### What this task involves
Please return every record exactly, with no pictures included.

(Beginning of Excerpted data)

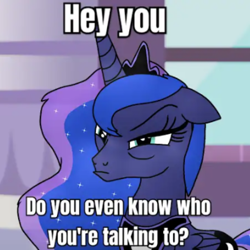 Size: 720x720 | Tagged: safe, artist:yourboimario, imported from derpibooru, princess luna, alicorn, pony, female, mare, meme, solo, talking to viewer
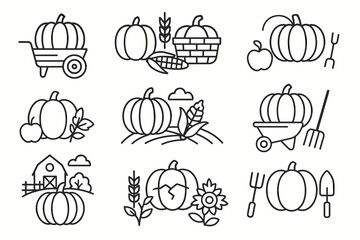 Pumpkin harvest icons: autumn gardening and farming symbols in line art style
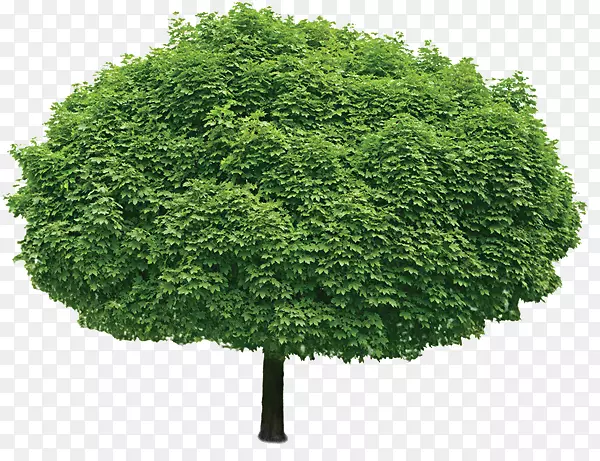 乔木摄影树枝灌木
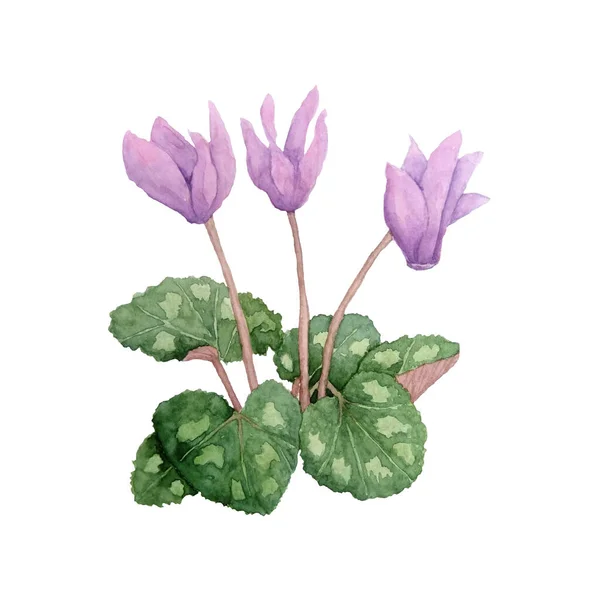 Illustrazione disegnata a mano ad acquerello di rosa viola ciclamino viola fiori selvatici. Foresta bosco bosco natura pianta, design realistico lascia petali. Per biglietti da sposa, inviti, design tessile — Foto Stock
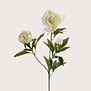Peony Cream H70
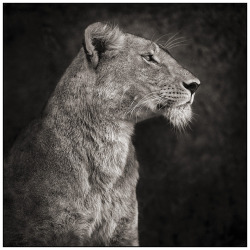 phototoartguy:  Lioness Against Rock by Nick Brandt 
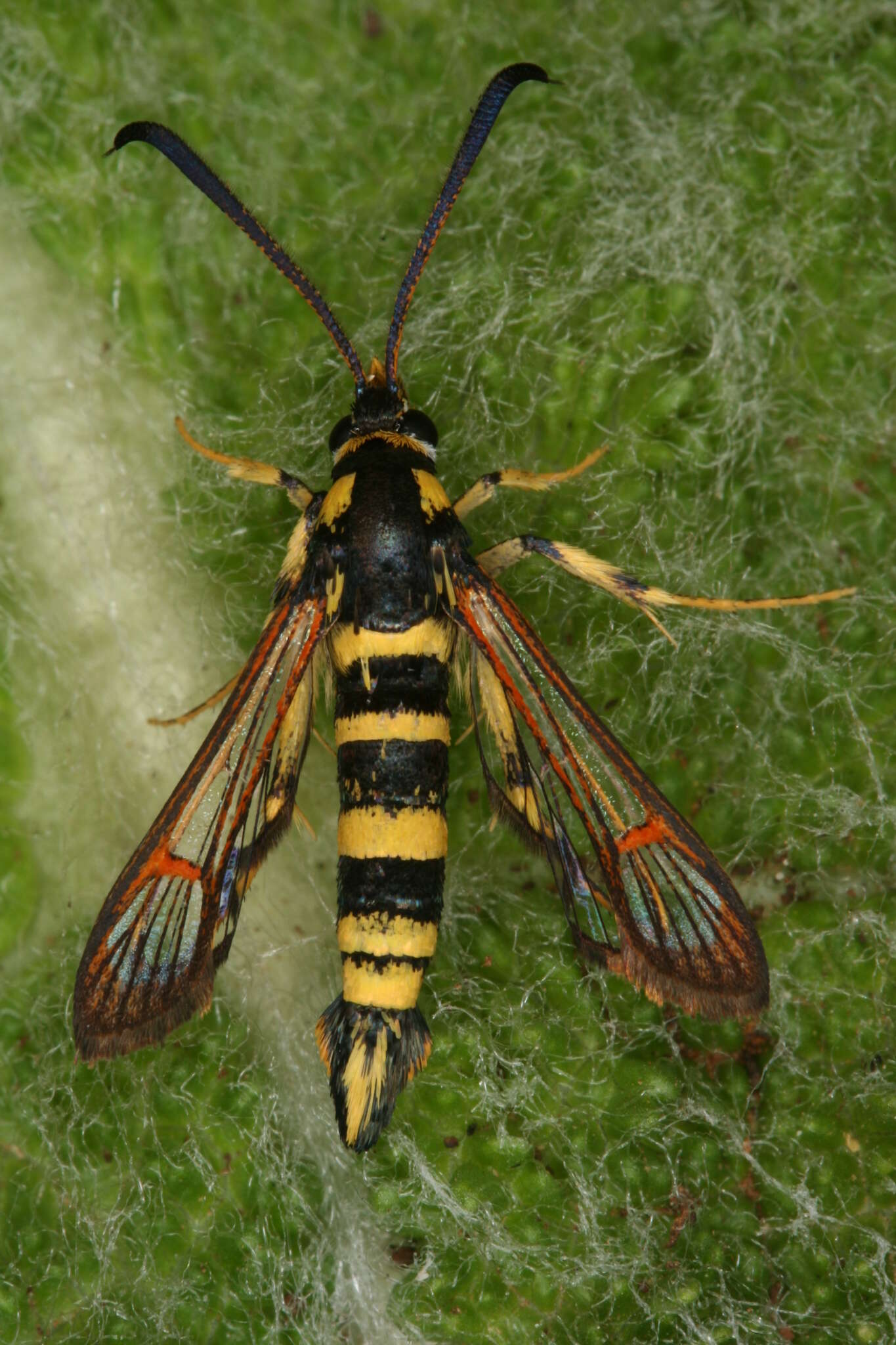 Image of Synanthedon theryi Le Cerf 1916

(End of Excerpted data)

### Answer to this exercise
 Size: 720x720 | Tagged: safe, artist:yourboimario, imported from derpibooru, princess luna, alicorn, pony, female, mare, meme, solo, talking to viewer
 Pumpkin harvest icons: autumn gardening and farming symbols in line art style
 乔木摄影树枝灌木
 Illustrazione disegnata a mano ad acquerello di rosa viola ciclamino viola fiori selvatici. Foresta bosco bosco natura pianta, design realistico lascia petali. Per biglietti da sposa, inviti, design tessile — Foto Stock
Peony Cream H70
 phototoartguy:  Lioness Against Rock by Nick Brandt 
 Image of Synanthedon theryi Le Cerf 1916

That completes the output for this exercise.